Empire Ranch & Cattle Co. v. Gibson

23 Colo. App. 344 | Colo. Ct. App. | 1913

King, J.,

delivered the opinion of the court.

Action by Charles E. Gibson, appellee, in the nature of ejectment to recover possession (1) of the northeast quarter of section 11, (2) the south half of the southwest quarter, and the. south half of the southeast quarter, of section 8, all in township 5 north, range 46 west, in Yuma county, Colorado.

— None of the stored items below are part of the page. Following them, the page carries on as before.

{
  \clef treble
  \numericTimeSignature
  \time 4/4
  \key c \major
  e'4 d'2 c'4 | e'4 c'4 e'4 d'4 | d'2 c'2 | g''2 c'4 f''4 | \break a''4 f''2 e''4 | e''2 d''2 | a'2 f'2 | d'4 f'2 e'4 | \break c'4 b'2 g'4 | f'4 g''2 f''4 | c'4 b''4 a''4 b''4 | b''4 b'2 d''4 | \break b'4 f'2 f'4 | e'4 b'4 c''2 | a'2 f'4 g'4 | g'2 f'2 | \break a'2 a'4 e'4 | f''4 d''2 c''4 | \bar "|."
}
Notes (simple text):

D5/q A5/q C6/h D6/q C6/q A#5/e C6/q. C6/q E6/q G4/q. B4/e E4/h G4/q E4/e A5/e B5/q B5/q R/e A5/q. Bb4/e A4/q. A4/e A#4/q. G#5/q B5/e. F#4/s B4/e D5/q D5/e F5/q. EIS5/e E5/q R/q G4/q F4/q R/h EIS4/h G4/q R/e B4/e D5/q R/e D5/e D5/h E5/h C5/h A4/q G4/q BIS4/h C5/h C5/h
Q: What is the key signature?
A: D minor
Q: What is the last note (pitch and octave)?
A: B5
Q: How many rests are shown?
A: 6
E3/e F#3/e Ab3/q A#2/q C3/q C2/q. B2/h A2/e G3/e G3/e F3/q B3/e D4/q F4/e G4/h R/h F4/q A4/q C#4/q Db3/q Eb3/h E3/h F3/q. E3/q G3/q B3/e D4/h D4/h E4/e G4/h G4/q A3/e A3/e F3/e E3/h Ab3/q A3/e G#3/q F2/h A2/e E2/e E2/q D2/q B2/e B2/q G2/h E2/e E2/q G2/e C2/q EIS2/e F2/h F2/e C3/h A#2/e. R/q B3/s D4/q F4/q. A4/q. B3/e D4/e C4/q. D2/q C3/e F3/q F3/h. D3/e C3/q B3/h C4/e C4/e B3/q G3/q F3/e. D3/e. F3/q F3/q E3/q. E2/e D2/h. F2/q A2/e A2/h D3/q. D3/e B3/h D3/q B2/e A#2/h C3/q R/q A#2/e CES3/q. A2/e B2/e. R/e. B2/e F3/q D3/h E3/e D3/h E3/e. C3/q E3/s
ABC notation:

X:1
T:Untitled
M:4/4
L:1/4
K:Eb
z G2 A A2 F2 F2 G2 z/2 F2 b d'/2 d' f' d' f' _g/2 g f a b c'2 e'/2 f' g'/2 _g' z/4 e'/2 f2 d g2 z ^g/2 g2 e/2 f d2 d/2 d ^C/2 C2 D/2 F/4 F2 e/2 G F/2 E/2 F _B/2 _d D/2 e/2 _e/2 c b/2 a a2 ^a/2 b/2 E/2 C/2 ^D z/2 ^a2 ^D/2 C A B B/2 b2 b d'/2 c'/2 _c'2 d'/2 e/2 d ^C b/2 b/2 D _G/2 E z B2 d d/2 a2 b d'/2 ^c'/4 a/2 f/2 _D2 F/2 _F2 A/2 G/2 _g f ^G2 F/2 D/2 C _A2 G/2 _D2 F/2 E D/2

Appellant’s answer consisted of four separate defenses: (1) a general denial; (2) as to the south half of the southwest quarter, section 8, aforesaid, an allegation of ownership in fee simple and right to' possession under certain treasurer’s deeds issued upon tax sales, and judgment and decree of the county court of Yuma county quieting title in a proceeding wherein appellant was plaintiff, and one Henry A. Bartholomew was defendant; (3) same allegations as to the south half of the southeast quarter of section 8, as alleged in the second defense; (4) as to the northeast quarter of section 11, aforesaid, an allegation of ownership in fee simple and right to possession under certain treasurer’s tax deeds, *346and judgment of the county court of Yuma county quieting title, in an action wherein appellant was plaintiff, and Charles A. Thompson and others were defendants; also a certain correction tax deed. The replication pr in issue the title under the tax deeds, and the decrees, alleging the tax deeds to be void on the face thereof, denying the due making and entry of said decrees, and alleging that they were void.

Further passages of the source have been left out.